Yep, even for just a little old log on the trail..so I very much appreciate your input! wow...maybe I WILL keep trotting over the logs...:lol:

Fay


----------



## jamesqf (Oct 5, 2009)

I dunno... I'd think that jumps over (small - not redwoods or such) logs would be safer than trotting over them. But maybe my opinion is colored by riding a horse who's mastered the art of tripping over his own hooves while walking on level ground


----------



## tinyliny (Oct 31, 2009)

oh, I am a major chicken with jumping. we only jumped things that were less than 18 inches. I admire jumpers. But, even in a western saddle a small log should be ok. it will be a boost to the confidence if you know the hrose can do it, and the footing is good. the only down sie to log jumping is that, unlike real jumps, they don't roll if you hit them. so, the solidness can make it a danger, but honestly, most horses move over stuff like that all the time , in the pastures. they don't want to fall down, either. just give them some rein, and stay out of their way.


----------



## horseNpony (Sep 27, 2013)

Ive had plenty of those 'wish I had a camera' moments. 

First was when I rode on the beach for the first time, this was before I had lessons and had only cantered once of twice before. We had trotted along the beach a few times and were on our last trot back up to the ramp to leave. One of our guides stood his horse in front of me, blocking me and another girl. He waited until everyone had reached the ramp and let us go, our horses cantered up to the rest of the group. Im one of those people that love videos of me riding so ican see improvements and bring back memories, and this is just something I wish I recorded. 

Also, a few weeks ago at my lesson my horse did an accidental flying change, I wish I could have recorded that


----------



## weeedlady (Jul 19, 2014)

I had an unexpected jump myself a week or so ago. Over a creek with a rather steep bank.
It was not pleasant, nor was it pretty, but I stayed on. I'm told it was "huge". I know it felt huge. 
Wish I had a picture to show me just how big a jump it was. I know I don't want to do it again.
M


----------



## greentree (Feb 27, 2013)

Oh, yeah.... We were riding with a small group, and somehow got ahead. DH was riding our old gelding who has done everything I ever asked! shown at it! and done very well. He was using our friend's older western saddle. He saw this small log, and pointed Billy Joe at it, jumped it, then came back across. DH has never jumped before. So, here comes our group, and he says the famous words" Hey, watch this!". Points Billy Joe back at the log, and he decides this time, he is going to REALLY jump it......I mean, DH stayed on 3 or 4 times already, right?

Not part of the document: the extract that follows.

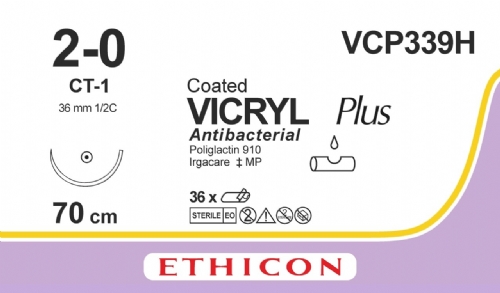 COATED VICRYL Plus Antibacterial (polyglactin 910) Suture<br/>Size: VICRYL PLUS<br/>Colour: 2-0<br/>Style: non cutting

He LEAPS over it, and in mid air, the stirrup comes undone, DH comes crashing down on the saddle. 

You get the rest of the story!


----------



## sjharris53 (Jan 31, 2010)

jamesqf said:


> But maybe my opinion is colored by riding a horse who's mastered the art of tripping over his own hooves while walking on level ground


Your horse, too? Just yesterday as my boy and I were slip sliding down a small hill, I thought I am riding a horse who matches my level of klutziness!


----------



## Roman (Jun 13, 2014)

Wish I had a camera thirty minutes ago! 

We were dog training and told both dogs to come here, so on the way, Dakota grabs Bella's dog leash in his mouth and leads her to us.  Not once, but like three times!! It was so hilarious.


----------